Collected data entries
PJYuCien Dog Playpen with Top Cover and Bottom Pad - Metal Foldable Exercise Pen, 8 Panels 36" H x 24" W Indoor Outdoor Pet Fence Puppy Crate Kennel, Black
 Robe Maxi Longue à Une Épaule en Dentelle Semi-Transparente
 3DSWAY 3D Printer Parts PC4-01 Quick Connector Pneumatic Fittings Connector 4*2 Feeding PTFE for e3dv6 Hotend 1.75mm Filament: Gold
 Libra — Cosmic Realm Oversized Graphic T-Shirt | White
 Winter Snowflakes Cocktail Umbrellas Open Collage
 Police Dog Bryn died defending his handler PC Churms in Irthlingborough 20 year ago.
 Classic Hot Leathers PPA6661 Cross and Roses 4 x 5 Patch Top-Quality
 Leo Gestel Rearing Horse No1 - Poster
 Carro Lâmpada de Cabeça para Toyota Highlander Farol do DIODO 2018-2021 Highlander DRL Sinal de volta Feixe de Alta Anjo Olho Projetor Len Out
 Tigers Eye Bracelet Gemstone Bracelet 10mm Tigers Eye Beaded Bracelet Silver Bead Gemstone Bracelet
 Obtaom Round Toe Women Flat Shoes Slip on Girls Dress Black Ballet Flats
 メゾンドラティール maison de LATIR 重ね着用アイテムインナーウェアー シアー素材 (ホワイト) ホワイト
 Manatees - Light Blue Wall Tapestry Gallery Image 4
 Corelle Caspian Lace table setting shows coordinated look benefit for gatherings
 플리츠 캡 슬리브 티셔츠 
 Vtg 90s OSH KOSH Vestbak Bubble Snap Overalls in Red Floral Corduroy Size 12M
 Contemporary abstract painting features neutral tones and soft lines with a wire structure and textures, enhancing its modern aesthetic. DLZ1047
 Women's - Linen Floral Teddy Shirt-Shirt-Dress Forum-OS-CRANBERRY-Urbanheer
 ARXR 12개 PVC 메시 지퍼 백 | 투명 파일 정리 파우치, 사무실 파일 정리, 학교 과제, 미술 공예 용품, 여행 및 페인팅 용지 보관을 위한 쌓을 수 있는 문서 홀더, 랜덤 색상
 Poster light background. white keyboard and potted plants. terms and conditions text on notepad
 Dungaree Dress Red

EXERCISE: Above are the lines; repeat exactly the ones from the line containing "Police Dog Bryn" down to the line containing "Tigers Eye Bracelet", both inclusive.

FINAL ANSWER:
 Police Dog Bryn died defending his handler PC Churms in Irthlingborough 20 year ago.
 Classic Hot Leathers PPA6661 Cross and Roses 4 x 5 Patch Top-Quality
 Leo Gestel Rearing Horse No1 - Poster
 Carro Lâmpada de Cabeça para Toyota Highlander Farol do DIODO 2018-2021 Highlander DRL Sinal de volta Feixe de Alta Anjo Olho Projetor Len Out
 Tigers Eye Bracelet Gemstone Bracelet 10mm Tigers Eye Beaded Bracelet Silver Bead Gemstone Bracelet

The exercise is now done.